変人荘の浦田さん
私が管理させてもらっている変人荘がある。
奇妙な事に無害で変な人しか入居していない。そのうちの1人についてのお話です。
変人荘は事務所の真裏にある。
10年前の曇り空が印象的な日に、大家さんがやってきた。
「私も歳で雨漏りだなんだなんてみていられない。隣にある御社に管理をしてほしい」と任されたのだ。
ーー変な人は入居させていないーー
そうはおっしゃっていたが100%変人。
家賃をきちんと納めるという意味では、常識人の賃借人ばかりであった。
16部屋の木造2階建。
16人変人集合住宅である。その中の1人、浦田さんについて書こうと思う。
浦田さんは「今月からここに家賃持ってきていいんだって?大家の家に行くより近いしええわ!」と笑顔でご来店した。
それが初対面である。
前歯がなくて白髪混じりの長髪。
ポケットにはヨレヨレの文庫本ー太宰治・人間失格ー
…………うん。
どちらかというと好きなタイプかな。
浦田さんは、毎月末25日にきちんと家賃を支払いに来る律儀なタイプであった。
夏の蒸し暑さが最高かというような日のこと。
「エアコンが壊れたから見に来て欲しい」と言われた。
業者さんと見に行くとーー
どえーーっ!
全部グチャグチャの本棚、壁には曼荼羅のポスター、万年布団に食べかけのおにぎり……
エアコンは経年劣化で交換が必要だった。
エアコンを取り外すとーーパラパラと紙が落ちてきた。
紙を見ると「ニセ札」と全部に書いてあった。
「浦田さんこれは…?」
「オモロイやろ!受けると思って仕込んでおいたんや」
今ひと笑い取って何になるん…
私の好感度を上げても何もならん…
月日は過ぎて行った。
年の瀬に浦田さんが家賃を持ってきた。
「このカレンダーな、いらんからあんたにあげるわ」
と言うので家賃とカレンダーを受け取った。
私もカレンダーいらないんだけど……
カレンダーを広げたら、お豆腐専門店・弥吉のカレンダーだった。
1月は油揚げ、2月はおから、3月は湯葉、渋くていい写真じゃないか。
賃借人と管理会社の関係では、一定の距離からそうは近づかない。
好感は持てても浦田さんと友達になろうとは思わなかったし、今月末も元気に生きていて安心と思う程度であった。
ある日、浦田さんの隣室の坂田さんがやってきた。
どうも浦田さんの生活音がしなくなって、郵便ポストには新聞がたまっているから生存確認をした方が良いとの事だった。
私は動揺した。一瞬で空気が凍った。
前歯の欠けた笑顔で エアコンにニセ札って紙を仕込んでいた浦田さん…
お豆腐専門店弥吉のカレンダーをくれた浦田さん…
坂田さんとソワソワしながら合鍵を持って見に行くと
浦田さんが寝ていた。
私はもうそれ以上見ることはできなかった。
坂田さんが布団をソッとどかしてくれて、こう言った。
「あんたの足と同じ色をしているよ」
私はグレーのタイツを履いていた…………
ピーポーピーポーピーポーピーポーピーポーピーポーピーポーピーポー
部屋に残されていた紙を見ると “FISH” と書いてあり、そばに魚のキーホルダーが置いてあった。

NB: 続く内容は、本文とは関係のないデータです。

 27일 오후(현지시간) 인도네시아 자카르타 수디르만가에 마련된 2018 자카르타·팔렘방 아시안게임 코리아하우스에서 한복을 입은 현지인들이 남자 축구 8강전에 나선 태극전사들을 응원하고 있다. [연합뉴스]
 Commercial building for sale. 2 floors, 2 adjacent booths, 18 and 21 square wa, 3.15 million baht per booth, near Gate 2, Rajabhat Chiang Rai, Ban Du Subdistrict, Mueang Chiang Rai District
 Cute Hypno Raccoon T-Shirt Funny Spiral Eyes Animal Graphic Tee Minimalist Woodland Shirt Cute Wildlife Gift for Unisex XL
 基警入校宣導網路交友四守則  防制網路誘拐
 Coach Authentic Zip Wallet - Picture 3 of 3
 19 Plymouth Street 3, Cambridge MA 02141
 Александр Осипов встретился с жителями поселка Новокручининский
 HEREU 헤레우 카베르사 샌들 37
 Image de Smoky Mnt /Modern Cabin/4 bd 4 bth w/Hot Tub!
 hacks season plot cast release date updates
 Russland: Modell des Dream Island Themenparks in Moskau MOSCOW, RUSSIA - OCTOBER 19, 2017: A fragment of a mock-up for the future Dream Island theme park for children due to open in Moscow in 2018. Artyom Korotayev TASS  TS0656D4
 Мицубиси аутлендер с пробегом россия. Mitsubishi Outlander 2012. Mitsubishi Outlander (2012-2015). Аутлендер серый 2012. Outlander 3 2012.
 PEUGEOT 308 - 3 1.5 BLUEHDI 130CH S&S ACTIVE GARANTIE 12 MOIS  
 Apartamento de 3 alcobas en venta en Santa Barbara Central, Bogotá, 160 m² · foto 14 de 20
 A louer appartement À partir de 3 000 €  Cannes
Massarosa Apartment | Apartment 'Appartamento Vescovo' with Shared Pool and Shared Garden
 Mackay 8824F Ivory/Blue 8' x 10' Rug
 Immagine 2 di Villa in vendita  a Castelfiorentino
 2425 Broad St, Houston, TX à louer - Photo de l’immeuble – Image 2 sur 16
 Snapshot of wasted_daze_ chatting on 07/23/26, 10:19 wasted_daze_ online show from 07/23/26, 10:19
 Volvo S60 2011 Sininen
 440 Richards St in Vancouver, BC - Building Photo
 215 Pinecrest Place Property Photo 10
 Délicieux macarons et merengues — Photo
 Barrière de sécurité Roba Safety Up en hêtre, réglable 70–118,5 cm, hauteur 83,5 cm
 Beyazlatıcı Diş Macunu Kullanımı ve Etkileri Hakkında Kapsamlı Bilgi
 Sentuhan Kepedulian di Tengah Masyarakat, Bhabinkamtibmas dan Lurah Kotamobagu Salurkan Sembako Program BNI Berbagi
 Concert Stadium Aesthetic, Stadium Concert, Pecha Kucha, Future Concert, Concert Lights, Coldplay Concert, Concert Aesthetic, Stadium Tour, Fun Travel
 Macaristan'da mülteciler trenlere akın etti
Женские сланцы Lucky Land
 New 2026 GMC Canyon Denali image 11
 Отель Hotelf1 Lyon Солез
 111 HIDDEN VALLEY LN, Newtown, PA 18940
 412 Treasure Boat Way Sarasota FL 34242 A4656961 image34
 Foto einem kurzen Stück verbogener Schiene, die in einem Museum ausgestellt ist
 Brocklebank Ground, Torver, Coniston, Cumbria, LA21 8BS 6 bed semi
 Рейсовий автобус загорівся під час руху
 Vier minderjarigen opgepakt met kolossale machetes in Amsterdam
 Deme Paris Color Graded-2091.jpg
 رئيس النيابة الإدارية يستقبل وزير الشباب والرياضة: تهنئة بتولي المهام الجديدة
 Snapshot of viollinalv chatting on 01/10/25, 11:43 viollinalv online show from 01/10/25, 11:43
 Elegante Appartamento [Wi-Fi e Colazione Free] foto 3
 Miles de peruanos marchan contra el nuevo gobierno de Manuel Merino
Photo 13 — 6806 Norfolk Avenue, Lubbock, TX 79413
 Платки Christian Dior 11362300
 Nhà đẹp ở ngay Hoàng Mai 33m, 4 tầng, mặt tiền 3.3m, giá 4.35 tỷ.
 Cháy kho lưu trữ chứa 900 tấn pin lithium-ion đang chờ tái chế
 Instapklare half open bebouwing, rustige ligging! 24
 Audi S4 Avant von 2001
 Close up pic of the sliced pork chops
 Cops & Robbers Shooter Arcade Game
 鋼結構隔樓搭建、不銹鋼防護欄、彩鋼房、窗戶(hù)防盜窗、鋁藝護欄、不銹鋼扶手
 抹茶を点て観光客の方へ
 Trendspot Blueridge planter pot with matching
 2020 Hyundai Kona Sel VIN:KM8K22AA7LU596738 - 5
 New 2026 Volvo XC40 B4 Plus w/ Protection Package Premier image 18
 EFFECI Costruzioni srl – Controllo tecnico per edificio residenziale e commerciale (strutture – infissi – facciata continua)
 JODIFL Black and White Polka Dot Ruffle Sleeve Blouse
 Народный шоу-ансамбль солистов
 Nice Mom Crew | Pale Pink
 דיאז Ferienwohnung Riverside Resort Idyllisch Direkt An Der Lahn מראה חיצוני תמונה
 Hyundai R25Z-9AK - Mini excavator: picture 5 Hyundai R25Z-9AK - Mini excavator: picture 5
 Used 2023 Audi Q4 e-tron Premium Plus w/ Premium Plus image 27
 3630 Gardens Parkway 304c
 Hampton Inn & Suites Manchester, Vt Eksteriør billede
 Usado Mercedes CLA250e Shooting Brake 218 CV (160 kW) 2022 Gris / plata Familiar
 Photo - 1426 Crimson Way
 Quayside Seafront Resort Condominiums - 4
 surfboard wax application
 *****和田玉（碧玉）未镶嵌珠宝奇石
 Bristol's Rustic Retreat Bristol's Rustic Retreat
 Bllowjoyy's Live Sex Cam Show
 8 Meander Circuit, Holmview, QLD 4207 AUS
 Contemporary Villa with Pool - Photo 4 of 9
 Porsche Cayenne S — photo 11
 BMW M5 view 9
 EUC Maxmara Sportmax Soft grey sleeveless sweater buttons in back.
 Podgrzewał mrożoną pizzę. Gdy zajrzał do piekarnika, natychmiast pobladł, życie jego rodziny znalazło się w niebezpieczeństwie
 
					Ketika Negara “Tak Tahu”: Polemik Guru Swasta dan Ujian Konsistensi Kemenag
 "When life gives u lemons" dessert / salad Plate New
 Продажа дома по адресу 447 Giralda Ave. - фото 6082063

浦田さんは2号室だったからFINI(2)SHだったりするのかなぁ?
チャーミングなところがあったから...
魚のような生の揺らめきと2号室で生を終えることかな...
まだ魚のようにゆらゆらと生きていたかったのかもしれない。
そんな事を想って合掌した。
空を見上げたら、綺麗なうろこ雲の見える秋の日だった。